Orsino Orsini-Migliorati (1473 – 31 July 1500), Lord of Bassanello, was the husband of Giulia "La Bella" Farnese (1474–1524), the mistress of Pope Alexander VI.

==Family==
Born in Bassanello, the only son of Ludovico Orsini-Migliorati (1425-1489) and wife Adriana de Milà (b. 1434), Orsino was related to Alexander VI through his mother, who was the Pope's third cousin. Adriana had been widowed at an early age and had sought the "protection" of her cousin, then-Cardinal Rodrigo Borgia, in order to effectively administer her late husband's vast estates and to safeguard her son's considerable inheritance. In return for this "protection", Adriana served as Rodrigo's friend and close confidante and was even put in charge of the wardship of his illegitimate daughter Lucrezia Borgia.

==Marriage and adult life==
At age 16, Orsino married 15-year-old Giulia Farnese, the daughter of Luigi Farnese by his wife, Giovanna Caetani. Giulia was also the sister of the future Pope Paul III (born Alessandro Farnese). While Orsino has been rather disparagingly described as being "squint eyed", "awkward" and "self-conscious," Giulia was a beautiful young woman who went by the nickname of La Bella, "the beautiful one." Shortly after this marriage, around 1491, Giulia met Rodrigo Borgia, during one of his visits to Montegiordano to see his daughter, Lucrezia. When the Cardinal expressed a desire to take her daughter-in-law for a mistress, Adriana immediately gave her permission and blessings to the affair. In exchange for his enforced compliance to his wife's adultery with Rodrigo, Orsino was granted mayorship of the city of Carbognano. Rodrigo Borgia took the papal throne in August 1492 as Alexander VI, the same year in which Giulia gave birth to a daughter, Laura, whose paternity is still disputed today, although Giulia claimed she was Borgia's own daughter. Briefly concerned that a scandal would break out, Alexander VI did not acknowledge paternity, which was instead attributed to, and accepted by, Orsino.

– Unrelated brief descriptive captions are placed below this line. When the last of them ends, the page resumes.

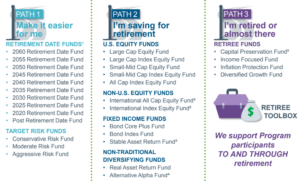 Retirement Investment Options | ABA Retirement Funds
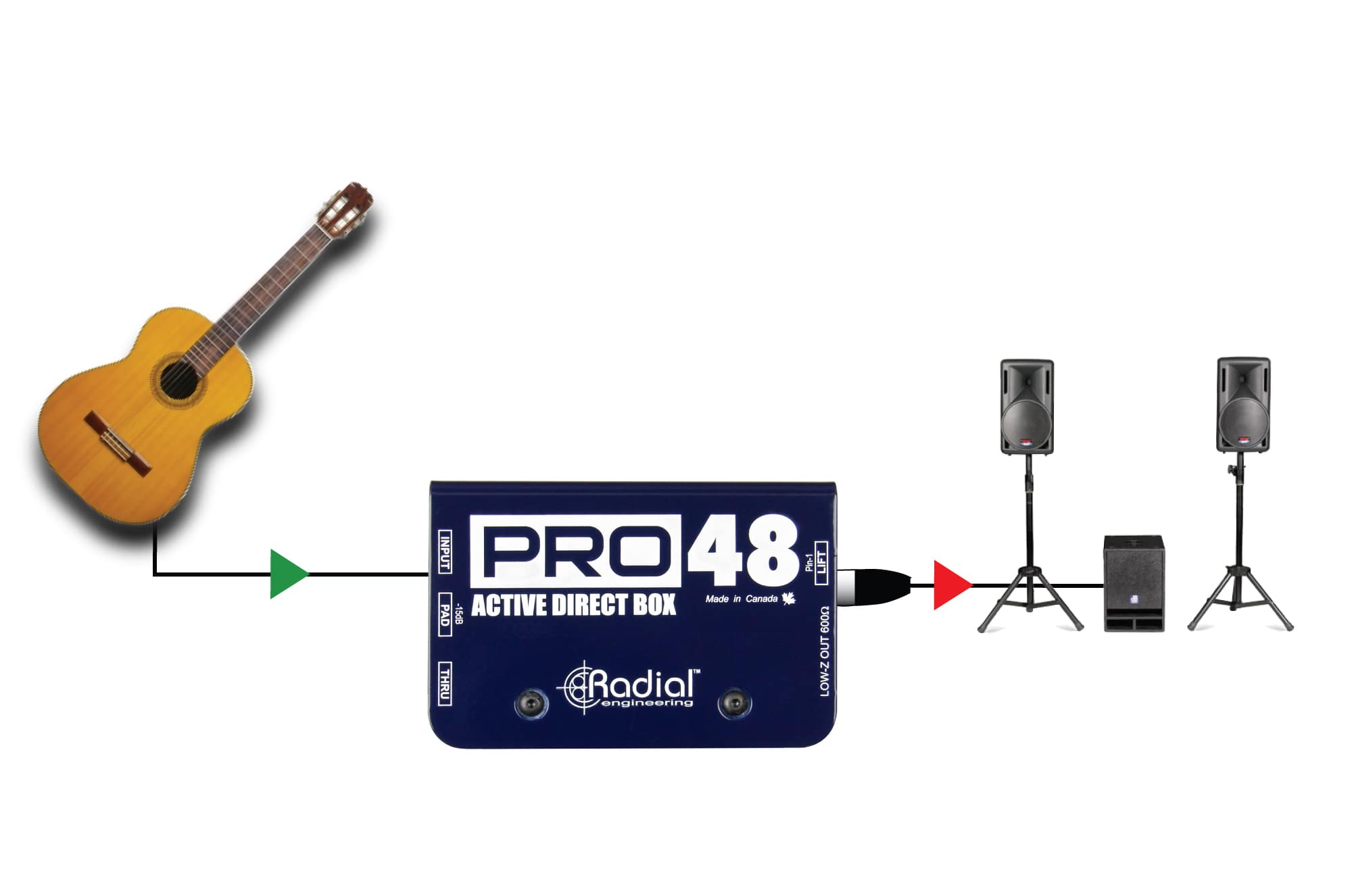 PRO48 Radial Engineering - Boîtes de DI - Sonowest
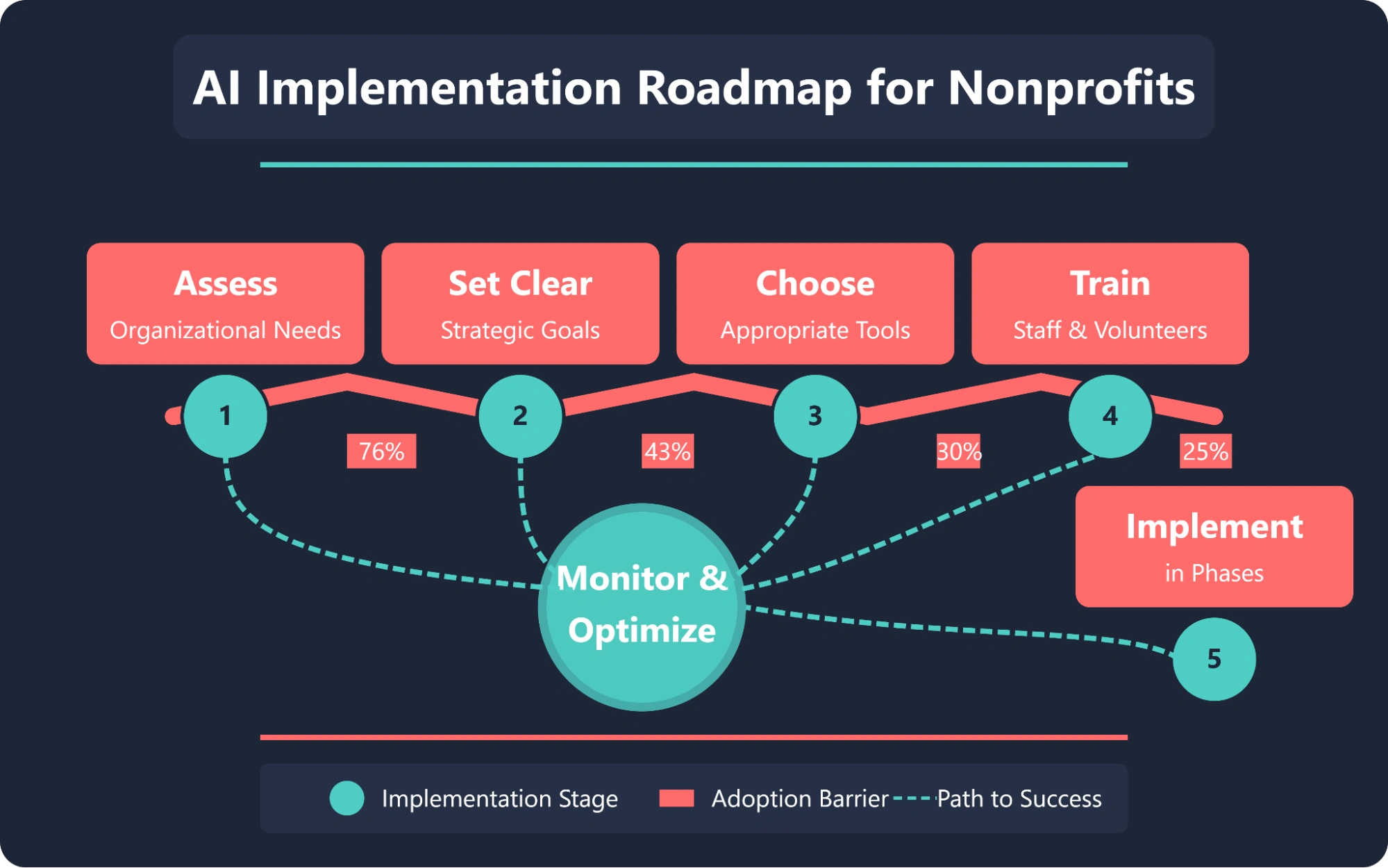 AI implementation roadmap for nonprofits.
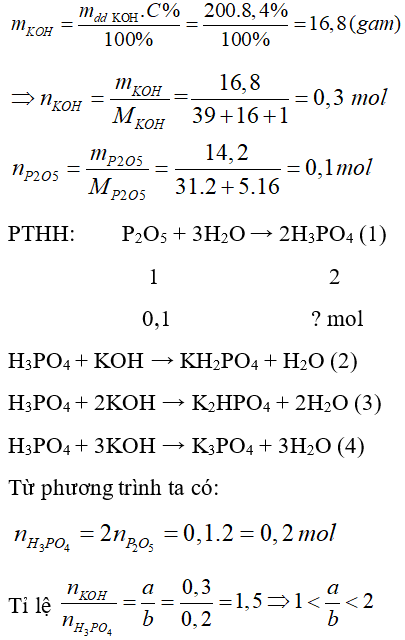 Trắc nghiệm Hóa 9 Bài 7 (có đáp án): Tính chất hóa học của bazơ (phần 2)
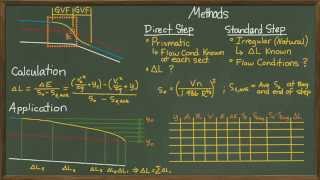 GVF Analysis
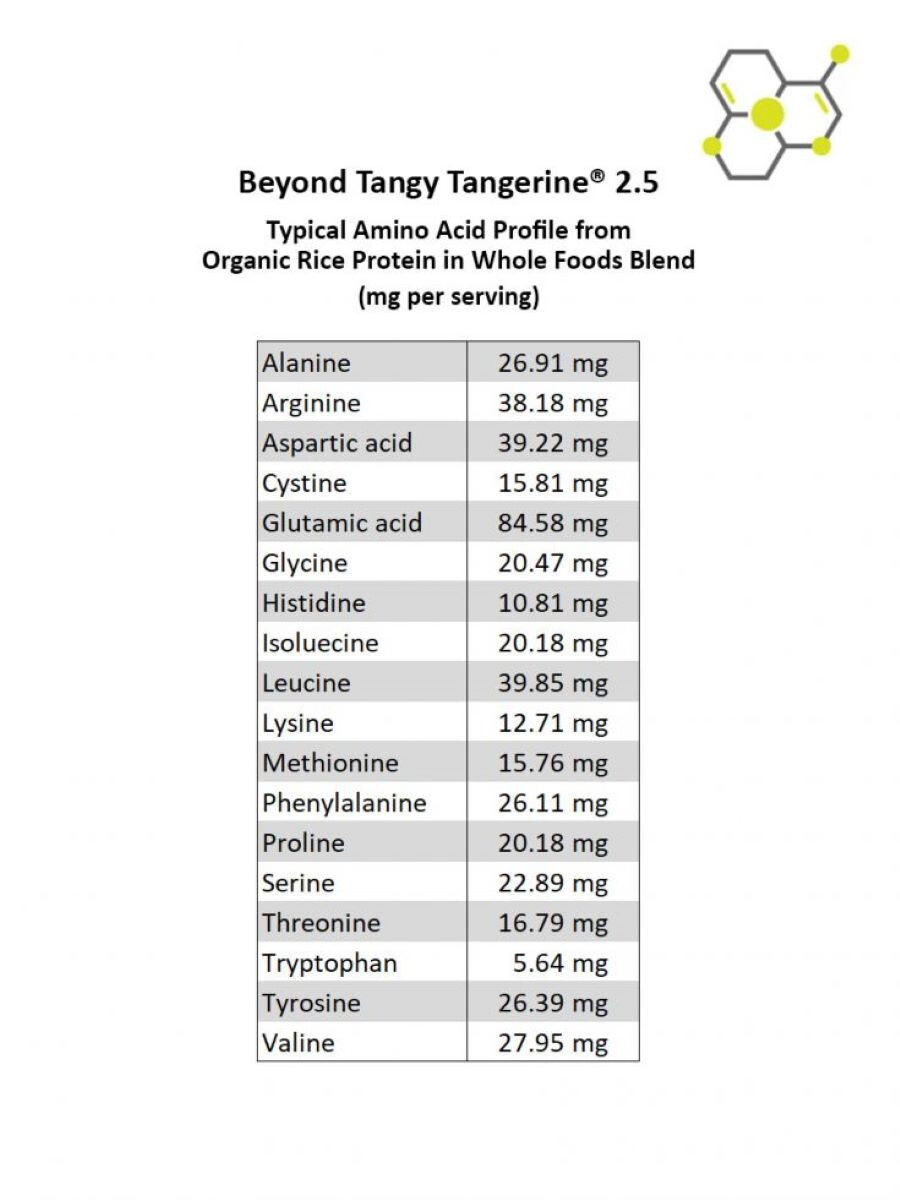 Youngevity Dr. Wallach Beyond Tangy Tangerine BTT 2.5 Canister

Orsino died in Rome on 31 July 1500, at age 27, of unknown causes. At around the time of his death, Giulia and the Pope had become mildly estranged but Orsino's mother Adriana eventually brokered a peaceful separation of the two. Adriana herself continued to remain in high standing with the Pope as his friend and confidante, even chaperoning Lucrezia on her journey to wed Alfonso d'Este. Adriana died in about 1509, and the control of Carbognano passed to her erstwhile daughter-in-law, Giulia. The vast Orsini family fortune was eventually inherited by Laura Orsini and then by her children, Giulio and Lavinia della Rovere.